→ TRY IT:
Return all of the following entries as written, but without the images.

MATERIAL SUPPLIED below:

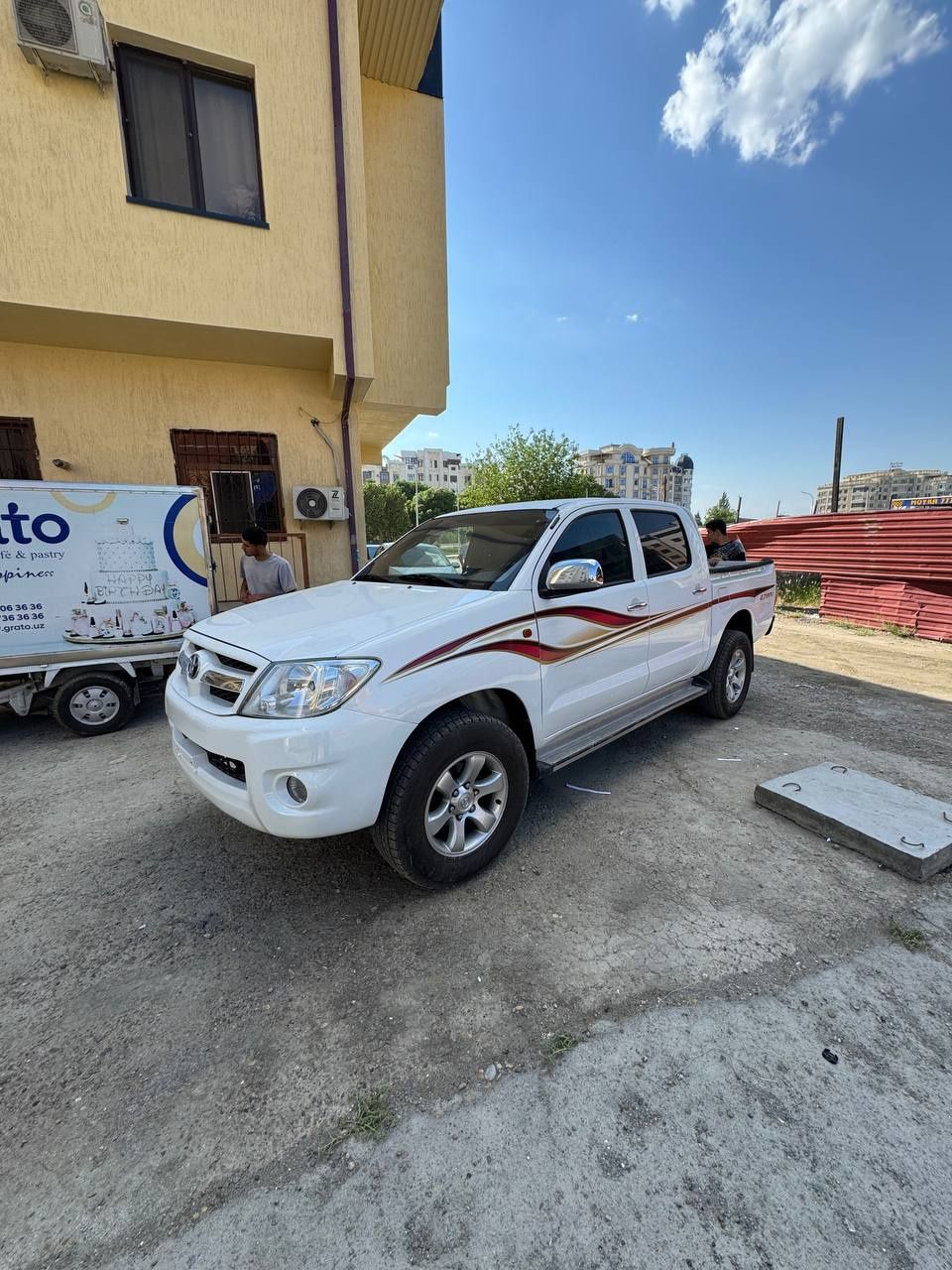 Toyota Hilux сотилади
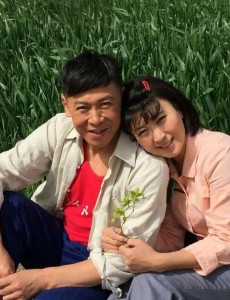 俺娘田小草将播 “苦情女王”闫学晶上演“草根”成长记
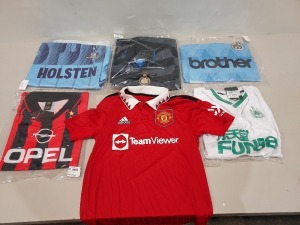 10 X BRAND NEW MIXED SPORTS CLOTHING LOT TO INCLUDE 1X AC MILAN RETRO 96 HOME JERSEY SIZE M - 1X MANCHESTER CITY RETRO 89 HOME JERSEY SIZE M - 1X INTER MILAN RETRO 98 JERSEY SIZE M - 1X MANCHESTER UNITED HOME JERSEY SIZE S ETC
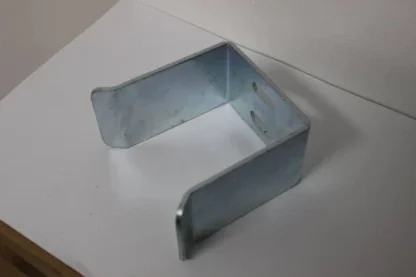 100mm sliding gate catcher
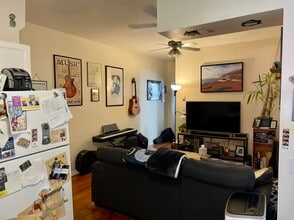 2119 S 16th St, Unit 2nd floor in Philadelphia, PA - Building Photo - Building Photo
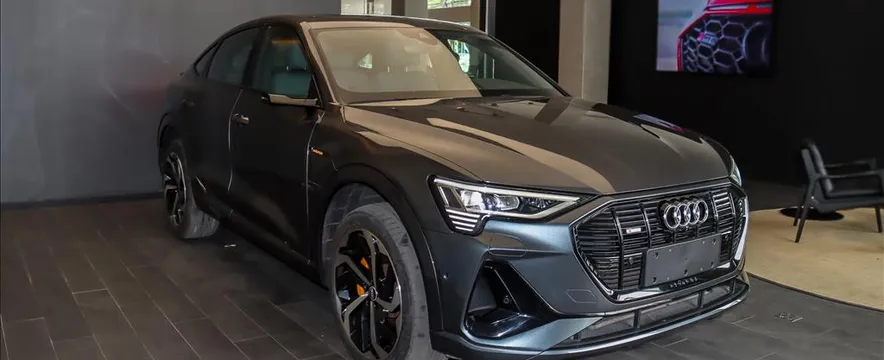 E-tron Elétrico Sportback Performance Black Quattro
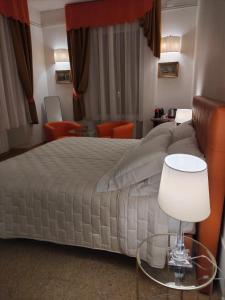 斯坎诺Bed & Breakfast Costanza4的卧室配有一张床和一张桌子及椅子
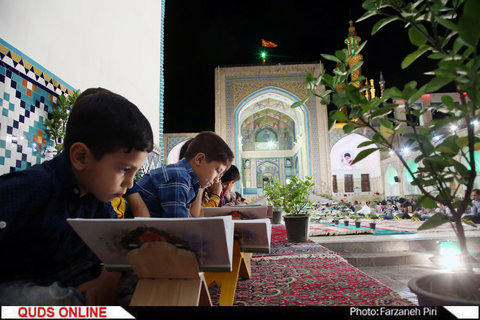 جز خوانی قرآن کریم در روستای مشهد اردهال کاشان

End of MATERIAL SUPPLIED.

→ OUTPUT FOR THIS TASK:
 Toyota Hilux сотилади
 俺娘田小草将播 “苦情女王”闫学晶上演“草根”成长记
 10 X BRAND NEW MIXED SPORTS CLOTHING LOT TO INCLUDE 1X AC MILAN RETRO 96 HOME JERSEY SIZE M - 1X MANCHESTER CITY RETRO 89 HOME JERSEY SIZE M - 1X INTER MILAN RETRO 98 JERSEY SIZE M - 1X MANCHESTER UNITED HOME JERSEY SIZE S ETC
 100mm sliding gate catcher
 2119 S 16th St, Unit 2nd floor in Philadelphia, PA - Building Photo - Building Photo
 E-tron Elétrico Sportback Performance Black Quattro
 斯坎诺Bed & Breakfast Costanza4的卧室配有一张床和一张桌子及椅子
 جز خوانی قرآن کریم در روستای مشهد اردهال کاشان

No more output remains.